■ DATASET CONTENT ■
————————

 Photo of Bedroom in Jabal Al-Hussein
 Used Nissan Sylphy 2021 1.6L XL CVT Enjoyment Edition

————————

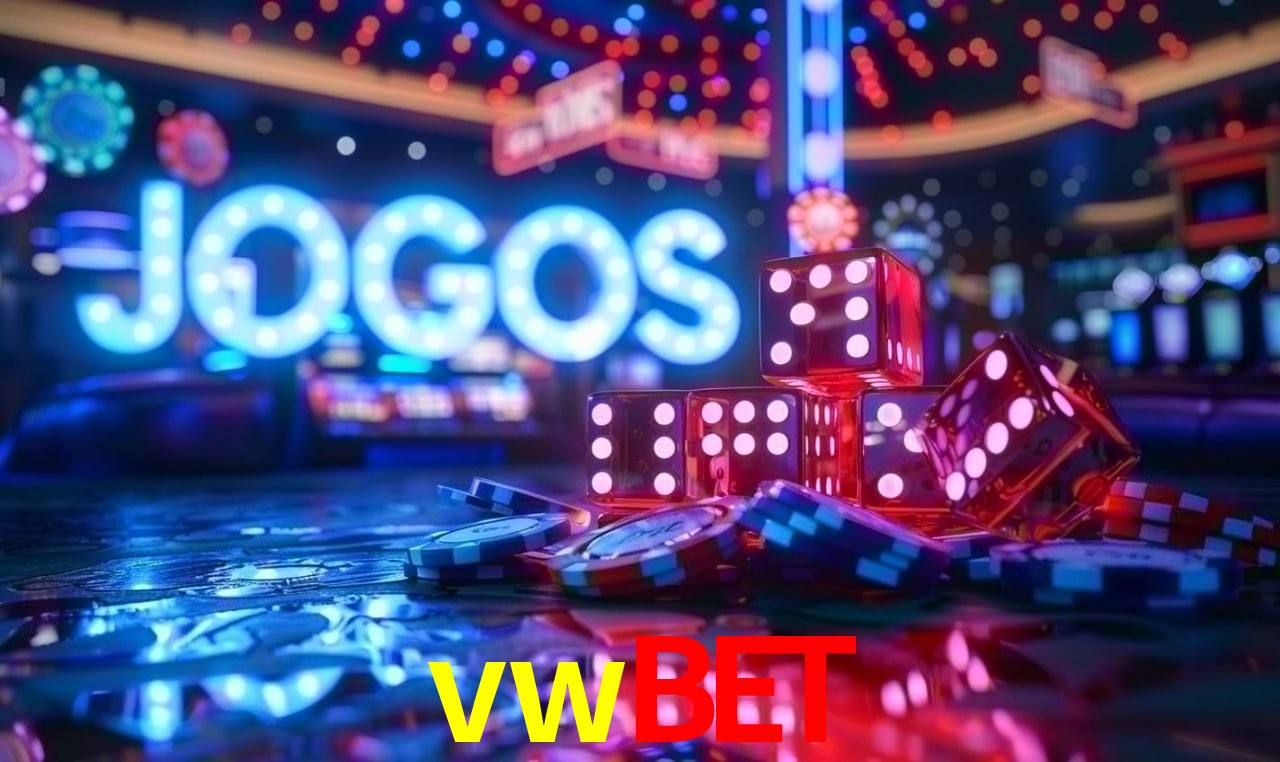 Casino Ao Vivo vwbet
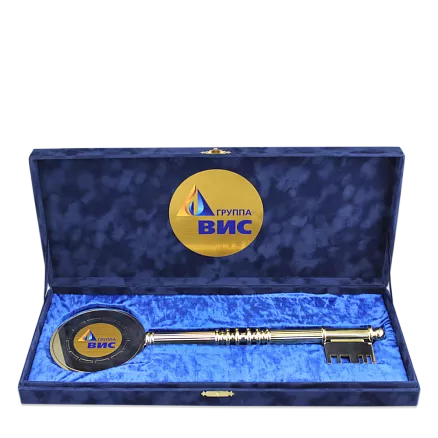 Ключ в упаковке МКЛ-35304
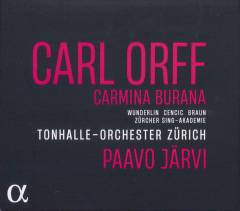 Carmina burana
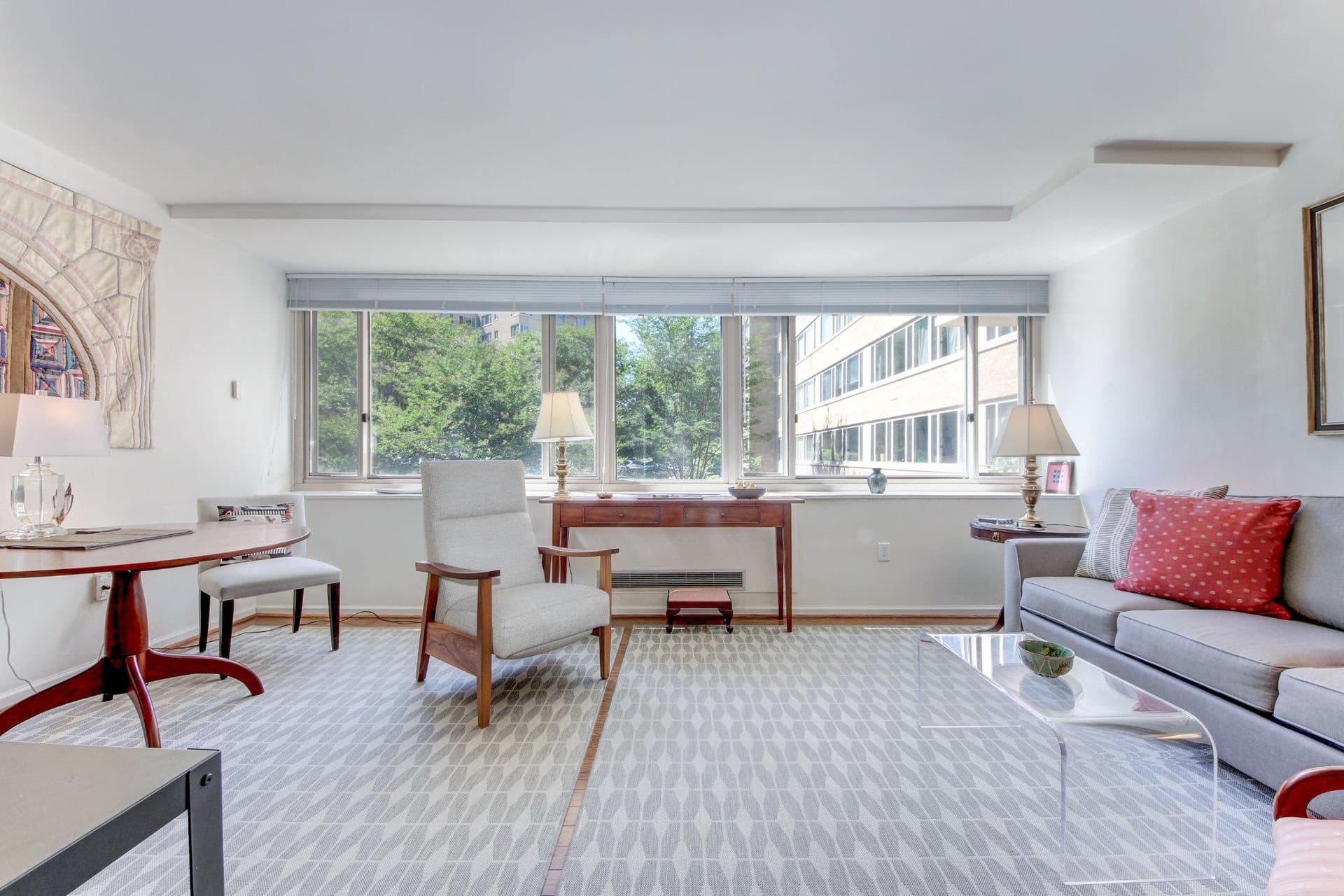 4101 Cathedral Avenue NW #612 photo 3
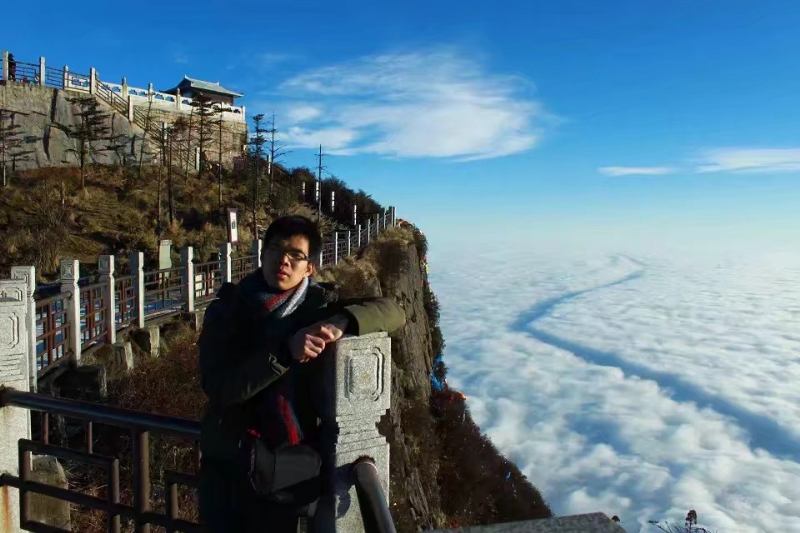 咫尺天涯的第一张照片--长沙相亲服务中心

————————

■ YOUR GOAL ■
Using the data above, retype exactly and only the lines from the one containing "Casino Ao Vivo vwbet" up to and including the one containing "咫尺天涯的第一张照片--长沙相亲服务中心", with no pictures carried over.

■ YOUR RESPONSE ■
 Casino Ao Vivo vwbet
 Ключ в упаковке МКЛ-35304
 Carmina burana
 4101 Cathedral Avenue NW #612 photo 3
 咫尺天涯的第一张照片--长沙相亲服务中心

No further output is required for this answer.